> **What you should do**
Repeat every record below, word for word.

> **Available records**
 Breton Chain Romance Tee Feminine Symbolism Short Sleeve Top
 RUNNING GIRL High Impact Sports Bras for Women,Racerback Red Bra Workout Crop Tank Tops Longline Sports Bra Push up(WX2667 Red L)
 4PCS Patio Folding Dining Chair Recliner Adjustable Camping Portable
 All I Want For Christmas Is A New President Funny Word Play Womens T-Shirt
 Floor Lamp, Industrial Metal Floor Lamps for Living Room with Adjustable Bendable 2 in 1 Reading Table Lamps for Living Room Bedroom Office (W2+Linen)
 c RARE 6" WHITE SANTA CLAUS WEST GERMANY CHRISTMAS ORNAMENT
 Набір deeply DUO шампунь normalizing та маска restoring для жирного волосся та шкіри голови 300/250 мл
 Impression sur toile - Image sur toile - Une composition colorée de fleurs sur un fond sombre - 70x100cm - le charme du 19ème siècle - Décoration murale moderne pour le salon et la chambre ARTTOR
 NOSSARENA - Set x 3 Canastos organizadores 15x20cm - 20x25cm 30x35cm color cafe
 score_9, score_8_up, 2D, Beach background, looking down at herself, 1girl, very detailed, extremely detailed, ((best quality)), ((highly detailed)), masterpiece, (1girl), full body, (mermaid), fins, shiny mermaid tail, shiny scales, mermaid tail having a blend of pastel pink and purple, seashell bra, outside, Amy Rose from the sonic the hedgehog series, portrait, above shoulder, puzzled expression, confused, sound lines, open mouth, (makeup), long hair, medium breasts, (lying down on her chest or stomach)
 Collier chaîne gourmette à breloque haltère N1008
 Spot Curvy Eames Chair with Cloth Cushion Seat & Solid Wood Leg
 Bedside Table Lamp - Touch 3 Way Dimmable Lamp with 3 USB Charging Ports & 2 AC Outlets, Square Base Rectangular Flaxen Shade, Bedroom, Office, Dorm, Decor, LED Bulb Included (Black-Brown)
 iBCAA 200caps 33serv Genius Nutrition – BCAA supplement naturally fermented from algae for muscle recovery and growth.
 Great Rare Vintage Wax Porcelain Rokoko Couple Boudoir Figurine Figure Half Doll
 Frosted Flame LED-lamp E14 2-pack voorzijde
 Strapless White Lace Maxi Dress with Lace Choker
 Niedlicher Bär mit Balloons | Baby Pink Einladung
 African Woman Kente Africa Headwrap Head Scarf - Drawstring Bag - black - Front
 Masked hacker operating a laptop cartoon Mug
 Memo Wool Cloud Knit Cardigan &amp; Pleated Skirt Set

> **Exercise result**
 Breton Chain Romance Tee Feminine Symbolism Short Sleeve Top
 RUNNING GIRL High Impact Sports Bras for Women,Racerback Red Bra Workout Crop Tank Tops Longline Sports Bra Push up(WX2667 Red L)
 4PCS Patio Folding Dining Chair Recliner Adjustable Camping Portable
 All I Want For Christmas Is A New President Funny Word Play Womens T-Shirt
 Floor Lamp, Industrial Metal Floor Lamps for Living Room with Adjustable Bendable 2 in 1 Reading Table Lamps for Living Room Bedroom Office (W2+Linen)
 c RARE 6" WHITE SANTA CLAUS WEST GERMANY CHRISTMAS ORNAMENT
 Набір deeply DUO шампунь normalizing та маска restoring для жирного волосся та шкіри голови 300/250 мл
 Impression sur toile - Image sur toile - Une composition colorée de fleurs sur un fond sombre - 70x100cm - le charme du 19ème siècle - Décoration murale moderne pour le salon et la chambre ARTTOR
 NOSSARENA - Set x 3 Canastos organizadores 15x20cm - 20x25cm 30x35cm color cafe
 score_9, score_8_up, 2D, Beach background, looking down at herself, 1girl, very detailed, extremely detailed, ((best quality)), ((highly detailed)), masterpiece, (1girl), full body, (mermaid), fins, shiny mermaid tail, shiny scales, mermaid tail having a blend of pastel pink and purple, seashell bra, outside, Amy Rose from the sonic the hedgehog series, portrait, above shoulder, puzzled expression, confused, sound lines, open mouth, (makeup), long hair, medium breasts, (lying down on her chest or stomach)
 Collier chaîne gourmette à breloque haltère N1008
 Spot Curvy Eames Chair with Cloth Cushion Seat & Solid Wood Leg
 Bedside Table Lamp - Touch 3 Way Dimmable Lamp with 3 USB Charging Ports & 2 AC Outlets, Square Base Rectangular Flaxen Shade, Bedroom, Office, Dorm, Decor, LED Bulb Included (Black-Brown)
 iBCAA 200caps 33serv Genius Nutrition – BCAA supplement naturally fermented from algae for muscle recovery and growth.
 Great Rare Vintage Wax Porcelain Rokoko Couple Boudoir Figurine Figure Half Doll
 Frosted Flame LED-lamp E14 2-pack voorzijde
 Strapless White Lace Maxi Dress with Lace Choker
 Niedlicher Bär mit Balloons | Baby Pink Einladung
 African Woman Kente Africa Headwrap Head Scarf - Drawstring Bag - black - Front
 Masked hacker operating a laptop cartoon Mug
 Memo Wool Cloud Knit Cardigan &amp; Pleated Skirt Set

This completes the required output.